= Astrid de Wijn =

Dutch applied physicist

De Wijn in 2017

Astrid Silvia de Wijn is a Dutch applied physicist who works in Norway as a professor in the Department of Mechanical and Industrial Engineering at the Norwegian University of Science and Technology (NTNU).

==Research==
De Wijn describes her research area as "applied nonequilibrium statistical mechanics". It has included studies in the tribology of nanoscale surfaces and in the viscosity of complex fluids and gases, including the behavior of quick clay, phase transitions caused by too-careful driving in traffic jams, and nanoscale models of the material behavior that causes friction.

==Education and career==
As a student in the Netherlands, de Wijn competed in the 1995 and 1996 International Physics Olympiads, earning an honourable mention and bronze medal. She studied for her Ph.D. with Henk van Beijeren at the Institute for Theoretical Physics of the Utrecht University, and finished her doctorate there in 2004.

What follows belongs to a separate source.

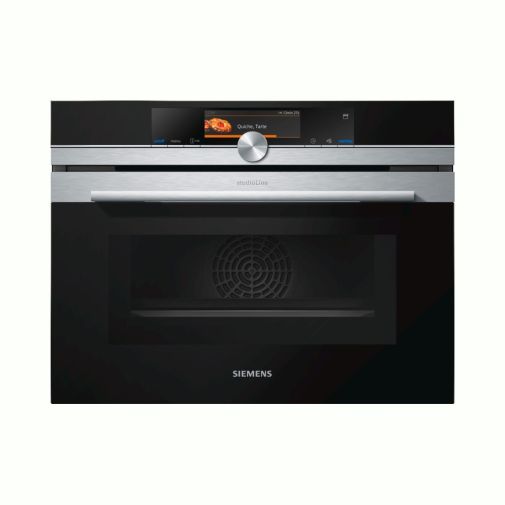 Siemens CN878G4S6 inbouw combimagnetron restant model met pulseSteam en homeconnect Inbouw oven + magnetron (60 cm hoog)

She became a postdoctoral researcher at the Max Planck Institute for the Physics of Complex Systems in Dresden, Germany, from 2005 to 2006 with Velisa Vesovic in the Department of Earth Science and Engineering at Imperial College London from 2007 to 2008, with the support of a Dutch Research Council (NWO) Veni award at Radboud University Nijmegen from 2008 to 2011, and also at the University of Amsterdam in 2011.

Beginning in 2012 she became a researcher and part-time lecturer in the Department of Physics at Stockholm University in Sweden. In 2016 she took an associate professor position in Mechanical and Industrial Engineering at NTNU, while keeping a part-time researcher position at Stockholm University for four more years. In 2021 she was promoted to full professor at NTNU.

==Recognition==
De Wijn is a member of the Royal Norwegian Society of Sciences and Letters, elected in 2023.